タンニンの代謝にはテアニンが使われるため、アミノ酸が多く渋みは少なくなるとのこと。
が、お茶のおいしさやうまみはアミノ酸だけではない上に、アミノ酸が多いと甘さやうまさは濃くなるそうなんですが、お茶っぽい香りが少なくなるそうです。
例えるならなんでしょう。
スーパーのトマトと家庭菜園で作ったトマトは、早めに採った前者の方(お茶でいうなら新茶)が食べやすいですが、後者のちょっと畑に放置気味のトマトの方(番茶や秋摘み)が香りは濃い…みたいな感じかもしれません。
また「アミノ酸が多い」という事実だけを見れば新茶が一番おいしい!というのは分からないでもないですが、「アミノ酸が多い=純粋にお茶としてのうまさが増強されているわけではない」そうです。
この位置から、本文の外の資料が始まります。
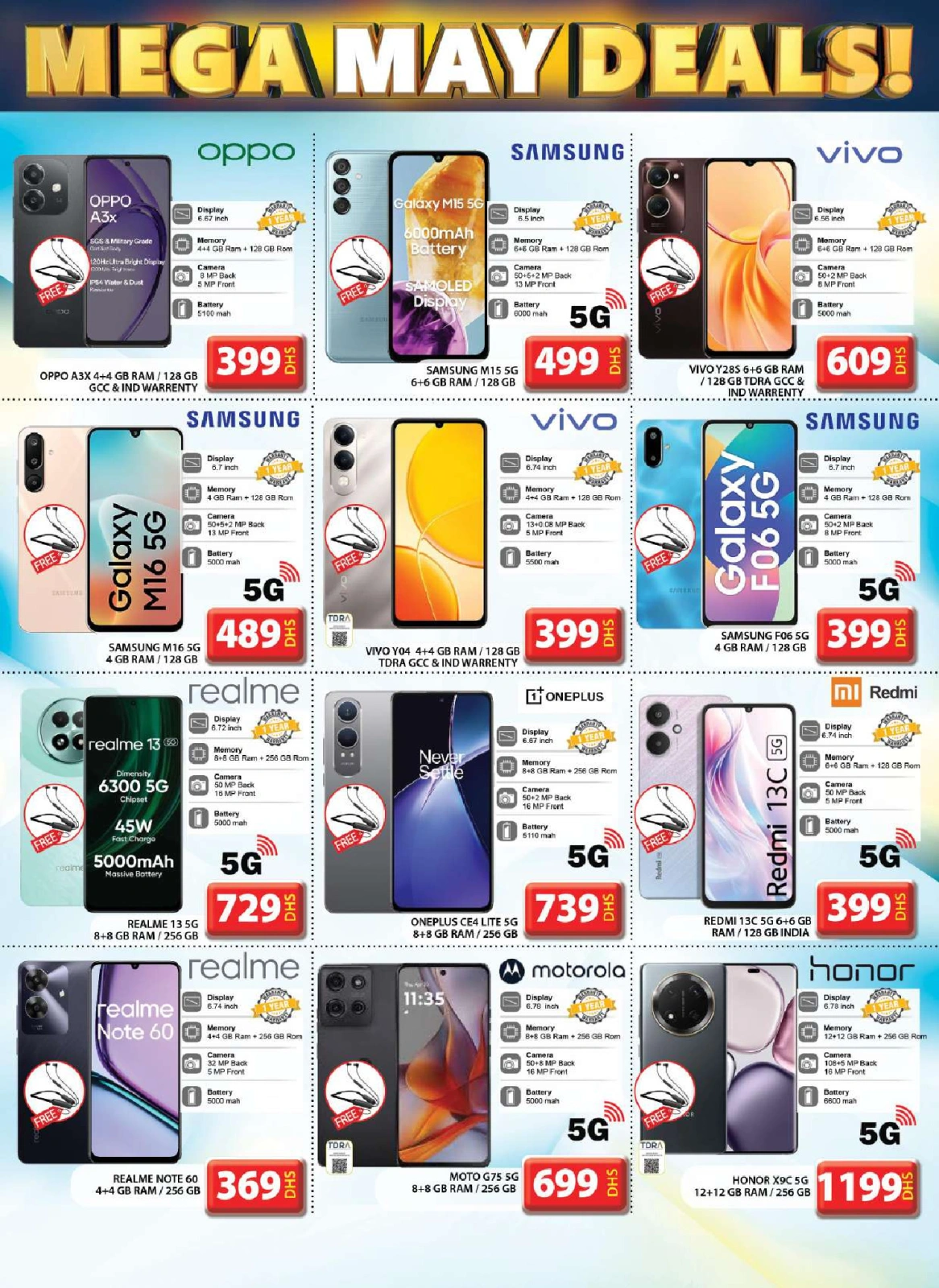Página 23 en ofertas de mayo en Grand hipermercado Emiratos Árabes Unidos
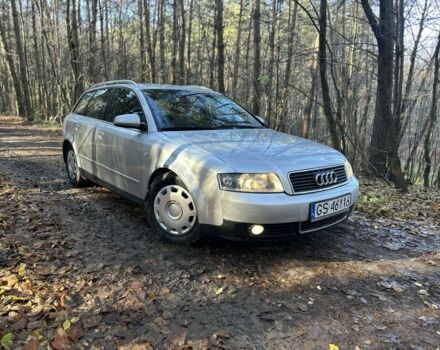 Серый Ауди А4, объемом двигателя 2 л и пробегом 280 тыс. км за 2250 $, фото 7 на Automoto.ua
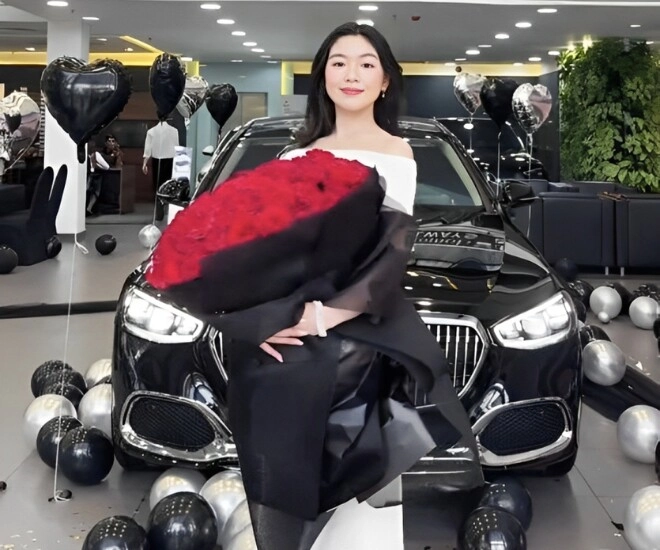 Lọ lem nhà mc quyền linh tậu xe sang giá chục tỷ ở tuổi 19 nói rõ số tiền mua xe từ đâu mà có - 1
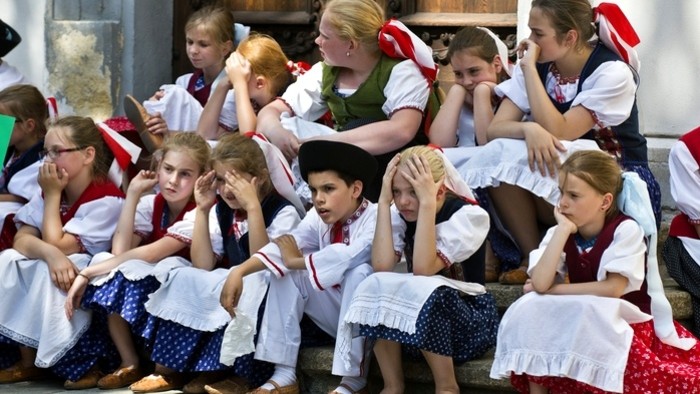 Klenotnica ľudovej hudby - tradičné krstiny z Krásnej Lúky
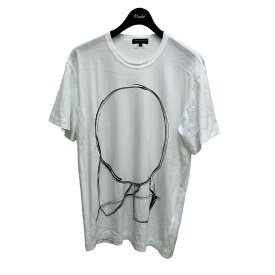 【中古】COMME des GARCONS HOMME PLUS　ボールチェーンTシャツ PG-T025 ホワイト サイズ：M 【190424】（コムデギャルソンオムプリュス）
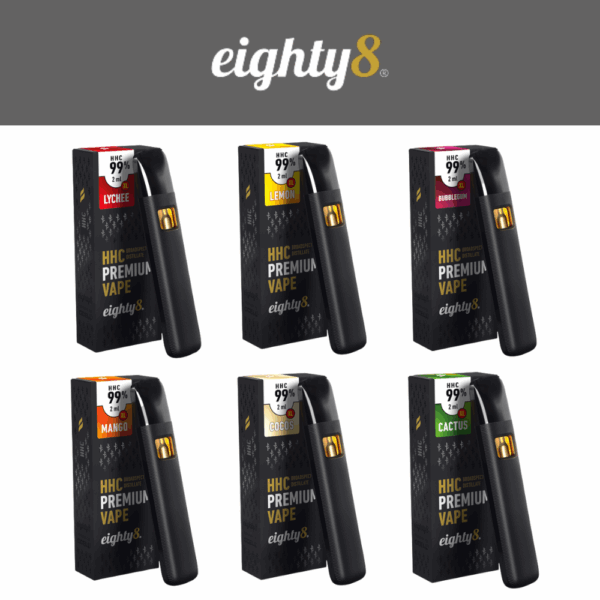 Eighty8 HHC Vapes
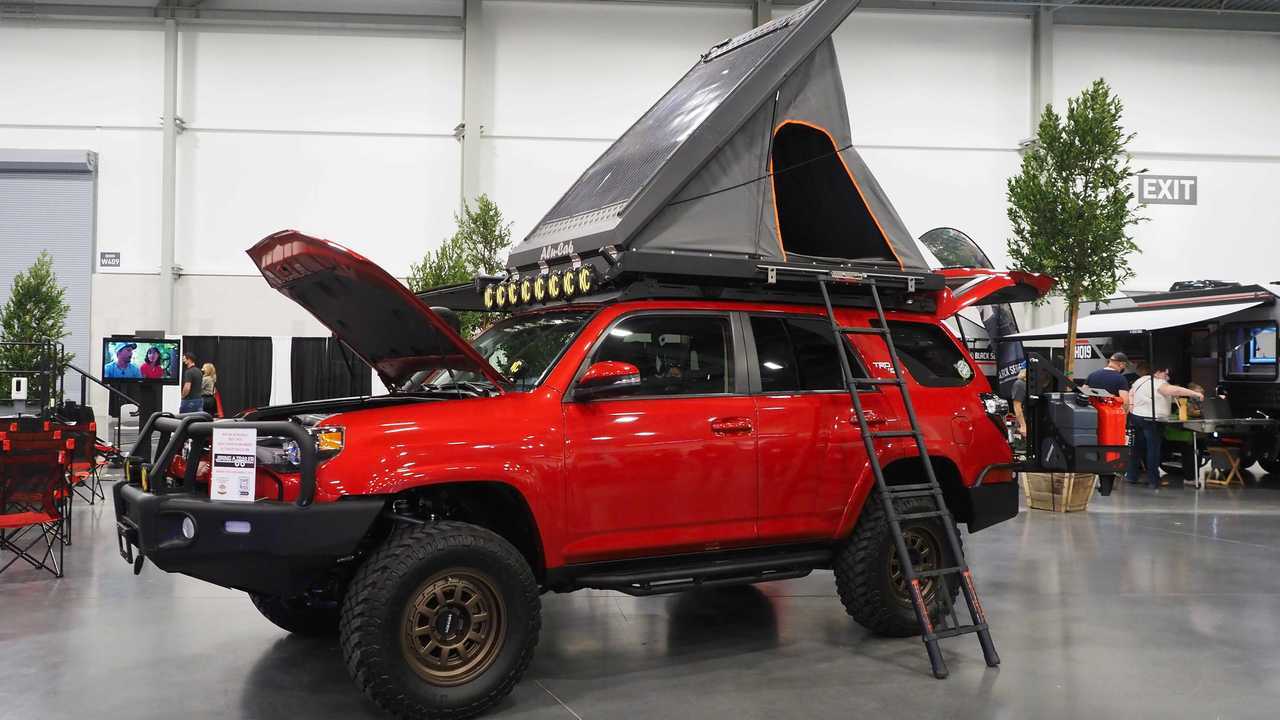 Toyota 4Runner SEMA 2021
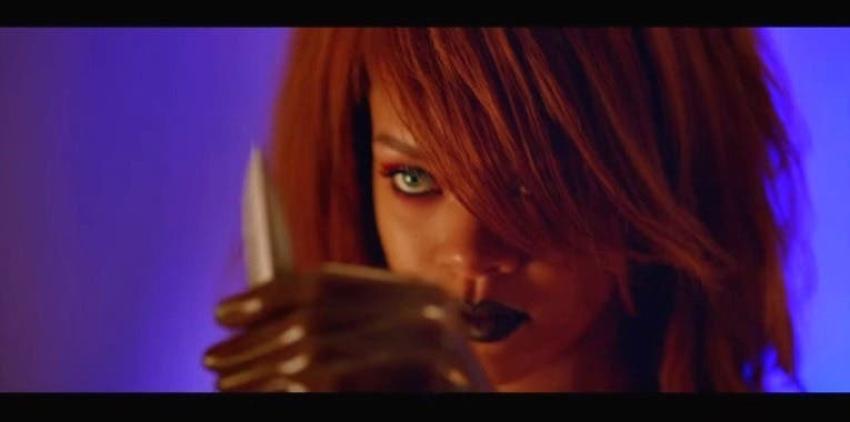 Nuevo videoclip de Rihanna desata la polémica por violentas escenas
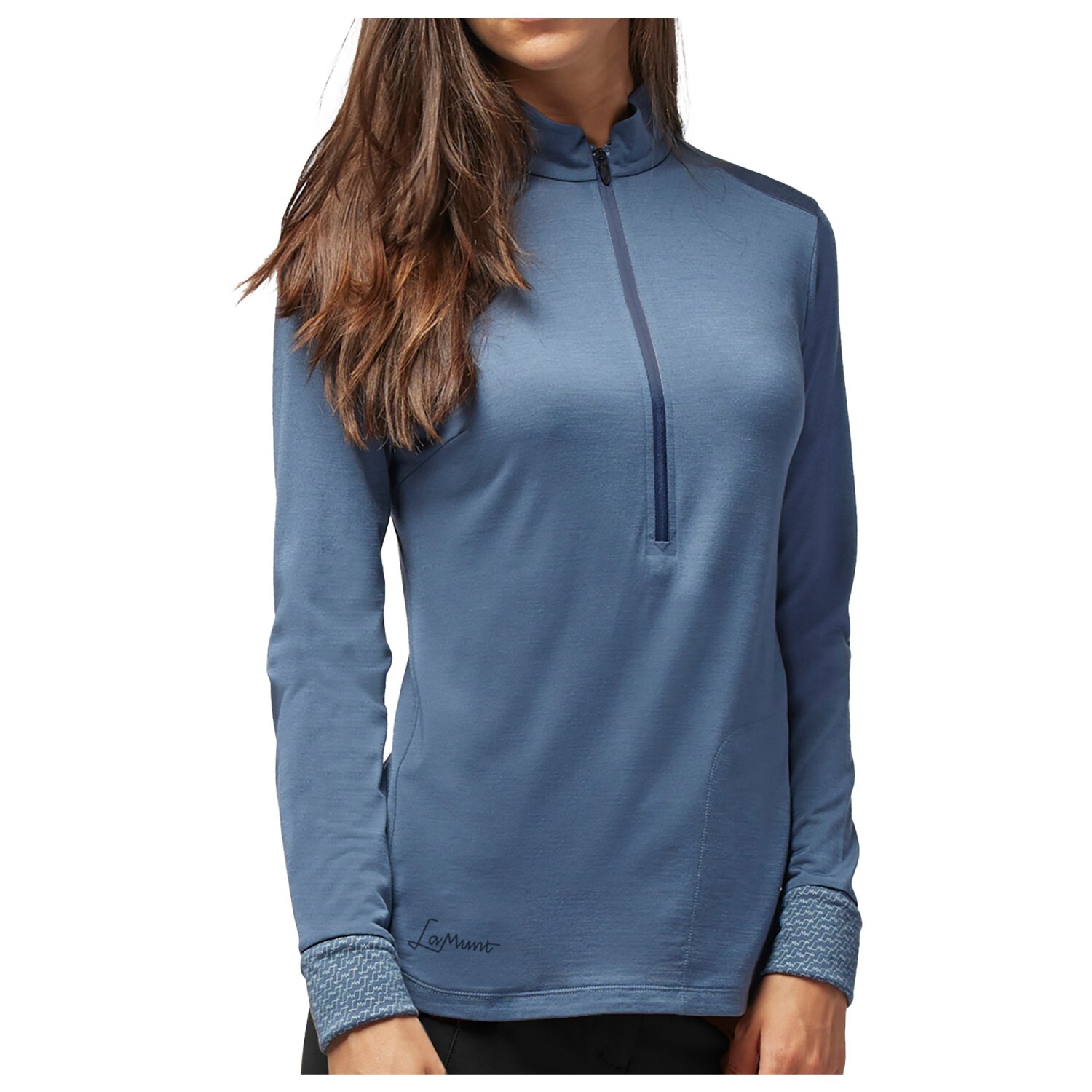 Лонгслив из мериноса Lamunt Women's Alexandra L/S Zip Tee, цвет Antic Blue
Лонгслив из мериноса Lamunt Women's Alexandra L/S Zip Tee, цвет Antic Blue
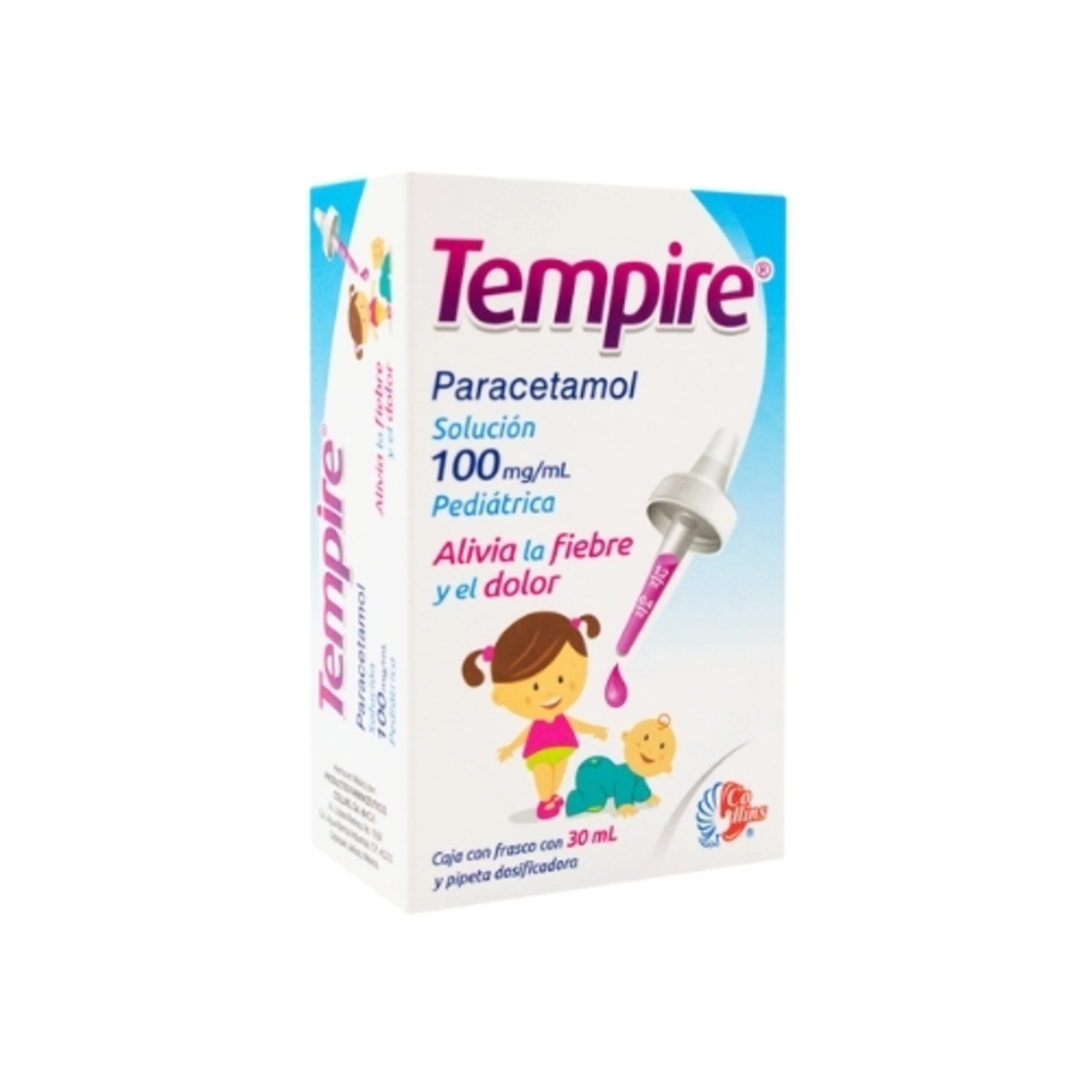 Tempire 100 Mg / Ml Solución Pediátrica Con 30 Ml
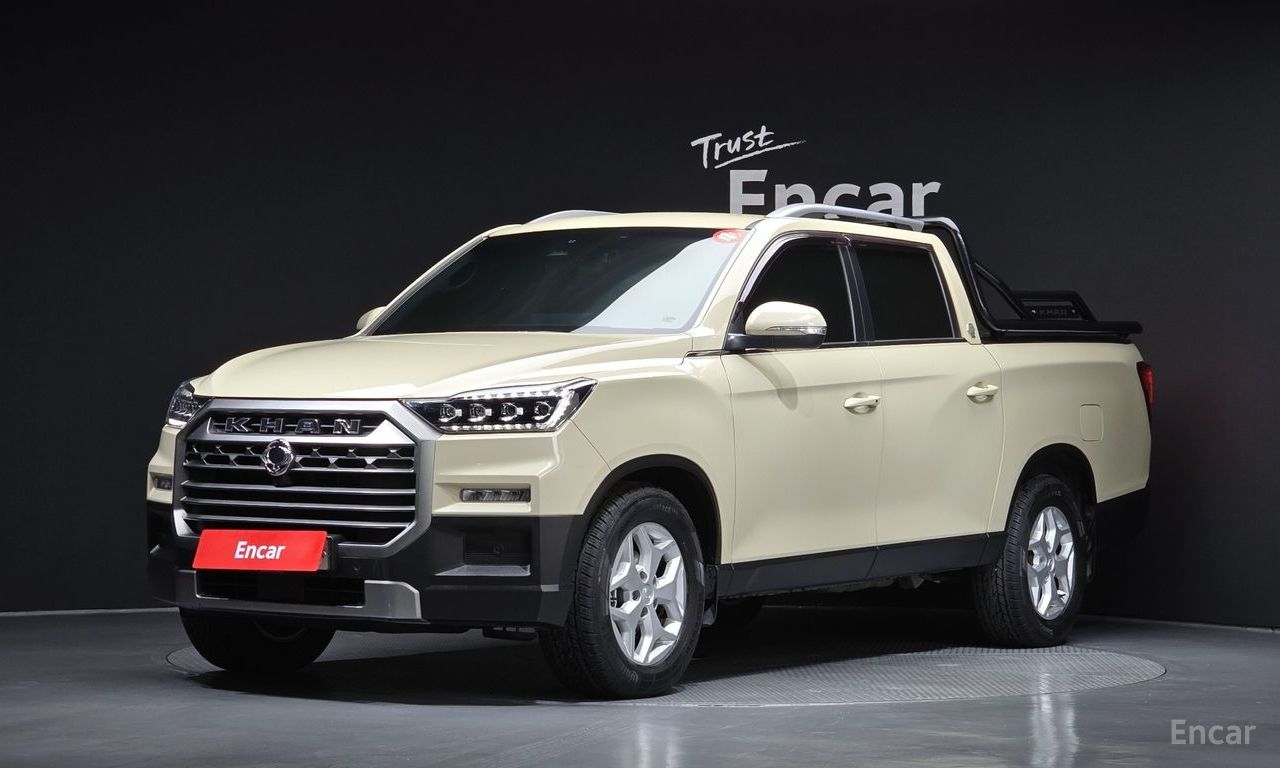 KG Mobility Rexton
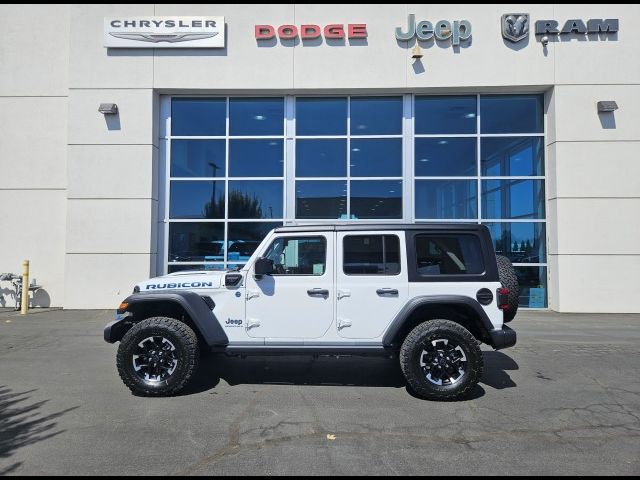 2024 Jeep Wrangler 4xe Rubicon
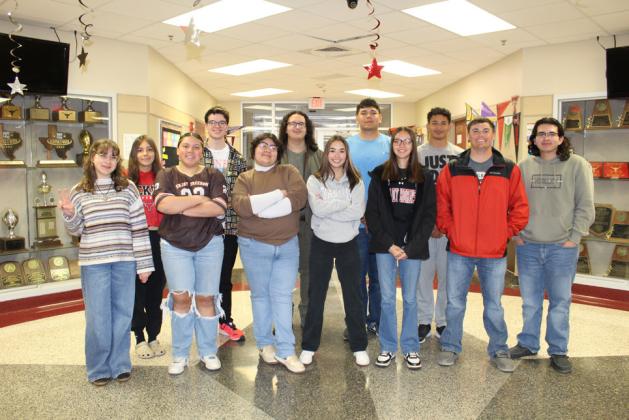 Lockney students advance to regional academic UIL competition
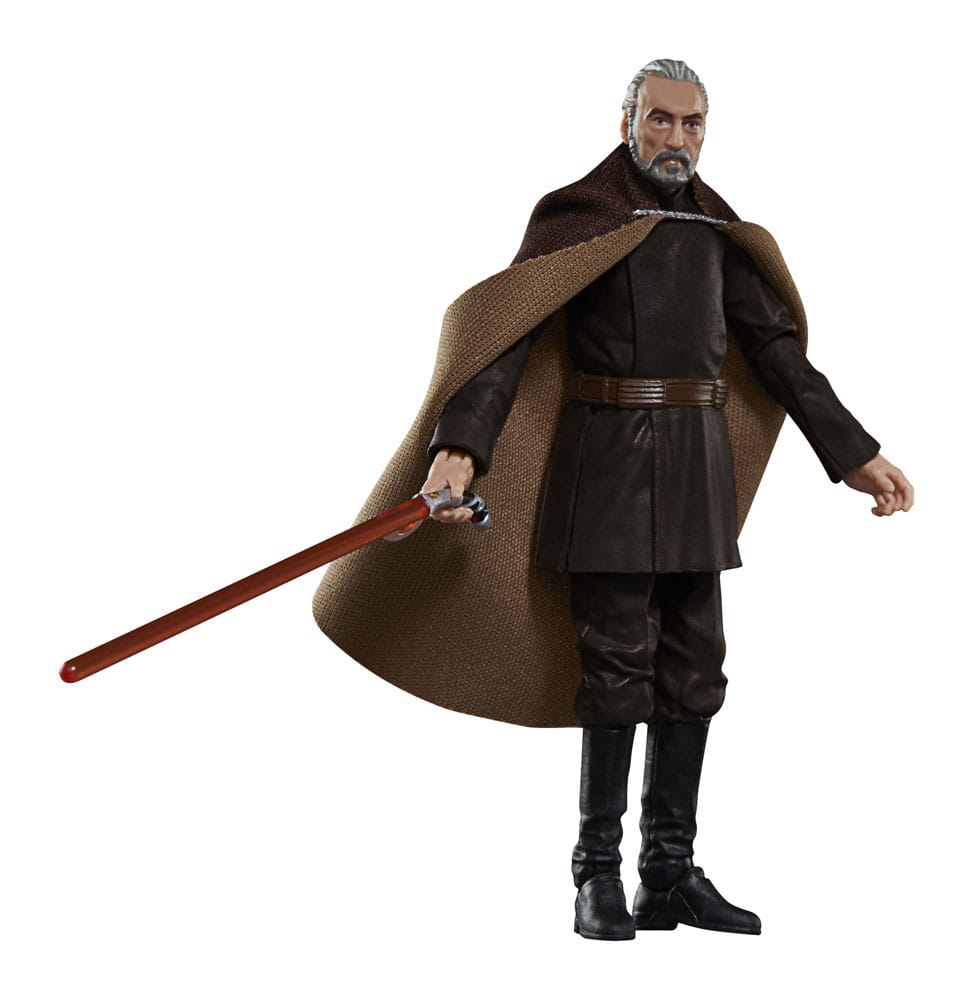 Star Wars Episode II Vintage Collection Action Figure Count Dooku 10 cm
なんでも、アミノ酸は肥料によって足される味であり、本来茶のもつうまみは肥料を足すことによって表れる味ではないとのこと。
つまり、アミノ酸にもたくさん種類があり、茶にもともと含まれるアミノ酸は肥料ではほとんど増えないそうなんですよ。
この肥料うんぬんの話は、甘みがほしいからとトマトに砂糖をかけて食べているようなもの、というと分かりやすいかもしれません。
たしかに砂糖(茶でいえば肥料によるアミノ酸)を足すと甘くはなりますが、トマトのもつ甘さが強くなるのとは違うので、それをトマトがうまいと言っていいものかどうか…という感じでしょうか。
前述の通りテアニンも溜められたものを消費しないから多いのであって、新芽だけテアニンが本来の倍の量に増えているというわけでもないようです。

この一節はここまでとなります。